TASK OBJECTIVE: In the entries below, find the line with "Zangersheide, Yegua, 7 años, 163 cm, Castaño" and the line with "Adopter Bergamote et Brigitte". Return those two lines and all lines between them, exactly.

DATA SUPPLIED:
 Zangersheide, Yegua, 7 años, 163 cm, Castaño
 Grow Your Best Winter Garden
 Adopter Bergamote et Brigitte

==

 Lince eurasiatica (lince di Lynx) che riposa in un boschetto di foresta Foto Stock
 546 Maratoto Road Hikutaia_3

WRITTEN ANSWER:
 Zangersheide, Yegua, 7 años, 163 cm, Castaño
 Grow Your Best Winter Garden
 Adopter Bergamote et Brigitte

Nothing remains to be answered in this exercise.